Pero mientras la policía afinaba sus medidores y tomaba nota de domicilios, nombres y placas de los conductores, la violencia continuaba sin tregua. Por esas fechas, dos jóvenes que se reunían en el fraccionamiento Villahermosa fueron secuestrados y asesinados a golpes. Sus cuerpos fueron abandonados en un camino de terracería. Supuestamente —aunque nunca se confirmó— les quitaron la vida como represalia por decomisos recientes de cocaína.
La estrategia contra el polarizado parecía cada vez más desconectada de la realidad. Los agentes, ahora equipados con aparatos medidores, detenían vehículos y solicitaban datos personales. Si el conductor era reincidente, podía recibir una multa o incluso sufrir el decomiso del vehículo, según el ánimo del policía de turno.

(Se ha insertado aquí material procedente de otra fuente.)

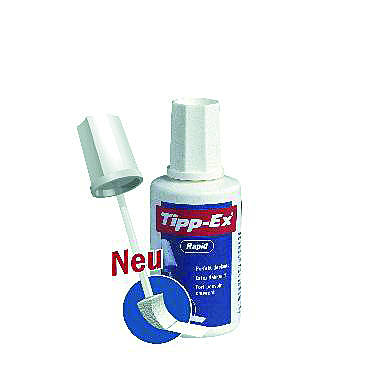 Tipp-Ex Korrekturflüssigkeit Rapid 8119143 schnelltrocknend weiß [25 ml]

A esta medida se sumó otra herencia panista: los retenes. Aparecieron por toda la ciudad, pero no ofrecieron resultados concretos en la lucha contra el crimen. Eran barricadas estáticas, esperando inútilmente que los delincuentes cayeran por su propio pie.

La Comisión Estatal de Derechos Humanos (CEDH), encabezada entonces por Heliodoro Juárez González, criticó duramente la política. Denunció que, en lugar de investigar de manera técnica y científica, las autoridades se limitaban a colocar filtros, como si los criminales fueran a cruzarlos voluntariamente.

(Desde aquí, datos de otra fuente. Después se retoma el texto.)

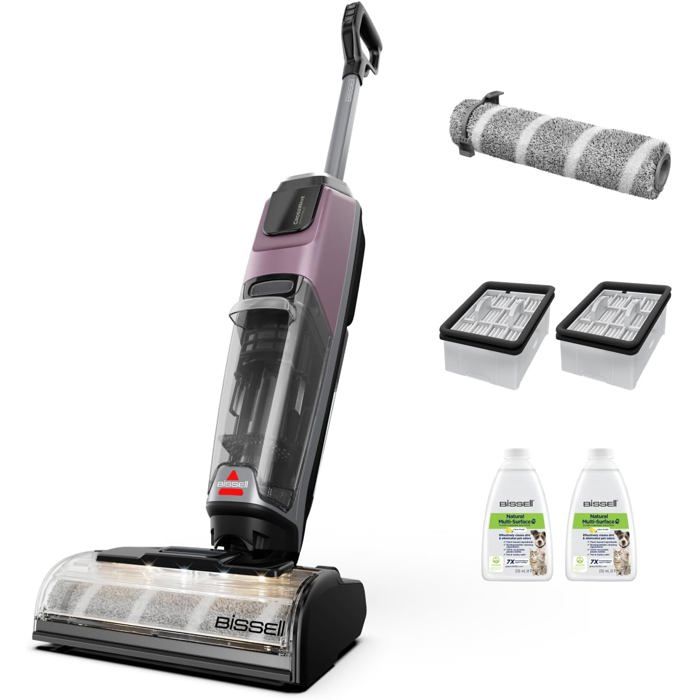 BISSELL CrossWave OmniForce EdgeFind aspirateur laveur sans fil LED détectant les poils nettoyage au plus près du mur - Aspirateur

Como si fuera una coreografía mal ensayada, también se sumó el delegado de la entonces Procuraduría General de la República (hoy FGR). Desde su oficina en Chihuahua, informó a sus superiores en la Ciudad de México que colocaría retenes a lo largo de la carretera Panamericana, y propuso instalar más Puntos de Revisión Carreteros (Precos).
Pero el efecto fue el contrario. La población se sintió perseguida, no protegida. La CEDH alzó la voz de nuevo, señalando que colocar retenes era una muestra clara de la incapacidad institucional para contener la delincuencia. La medida no disuadía ni atrapaba a los responsables; solo llenaba las calles de vigilancia sin resultados.

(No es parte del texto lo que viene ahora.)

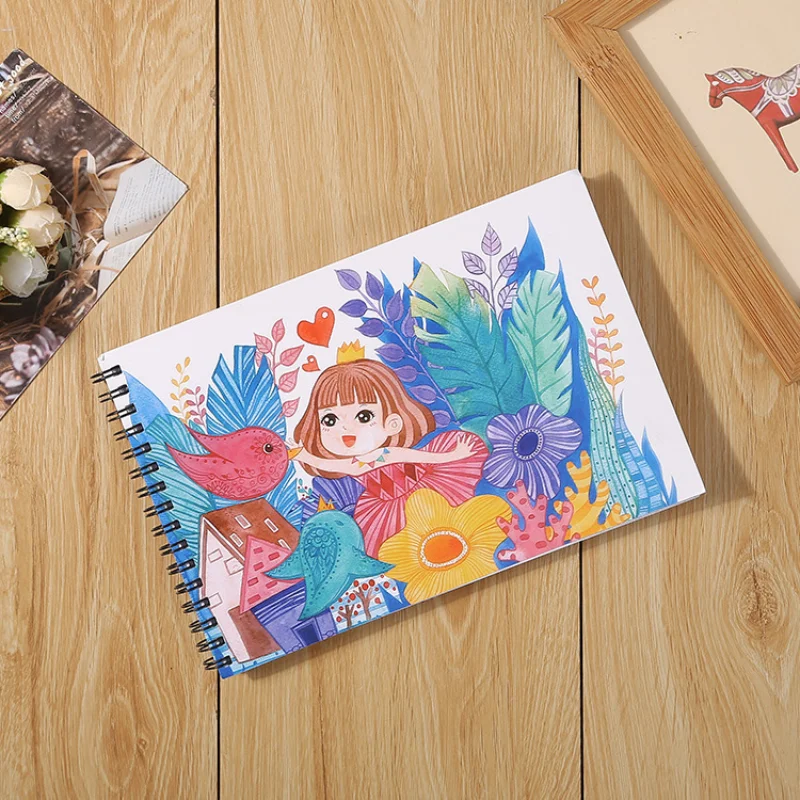 

Customizable Thick Hard Surface Book A4/A5/8K Kraft Paper Coil Sketch Painting Graffiti Flip Art Supplies free shipping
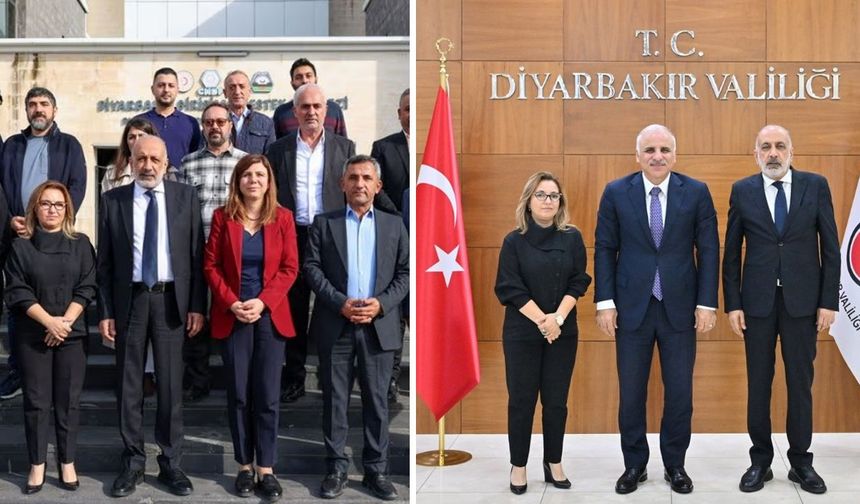 Mehmet Kaya'dan Vali'ye; Eş Başkanlardan DTSO'ya ziyaret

Así, entre el calor del desierto, los homicidios sin resolver y una policía que buscaba delincuentes con reglas de tránsito y cristales claros, Juárez vivía uno de los episodios más absurdos de su historia reciente. La ciudad, golpeada por la violencia, pedía estrategias reales. Lo que recibió fueron retenes y medidores de polarizado.